The fees will ultimately be passed down to the person buying a home in a new development.
"When [the developer] sells each home to the individual who buys it, that's when the impact fee would be assessed," Vaught said.
He added that those one-time fees collected from the new homeowners will be used to pay for issues downstream, like drainage and additional roads.
"We're envisioning somewhere between $1,000 and $2,000," he said.
Lawrence Langdale, with the Home Builders Association, said their organization isn't against impact fees, but they are concerned about accountability for where the money goes and how it's spent.
Vaught said the county will be transparent and tell the public how they will use the money.
"It's not going to impose a penalty on the developers. It's just something that is passed on so the people who are benefiting by moving here and building new homes, let them pay for the infrastructure," he said.

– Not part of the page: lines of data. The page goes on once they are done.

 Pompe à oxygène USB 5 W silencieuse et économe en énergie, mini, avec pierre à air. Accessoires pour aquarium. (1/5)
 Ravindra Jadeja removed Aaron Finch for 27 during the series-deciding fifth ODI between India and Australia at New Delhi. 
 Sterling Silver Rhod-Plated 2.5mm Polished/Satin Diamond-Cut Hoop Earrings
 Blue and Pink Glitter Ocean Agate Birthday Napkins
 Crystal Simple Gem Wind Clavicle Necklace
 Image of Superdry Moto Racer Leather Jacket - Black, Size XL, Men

Vaught said if the referendum passes a public vote, the county will conduct a study to show the need for impact fees and go on to create an ordinance within the state statute.
"If we had these impact fees, then we wouldn't have to have somebody - let's say in Green Sea -pay an increase in stormwater fees because a development was causing a problem over in Longs," he said.
Council has to decide Tuesday whether or not to hold a vote because Wednesday is the deadline for adding items to the November ballot.
Vaught said the council wants to make sure the public's input is considered.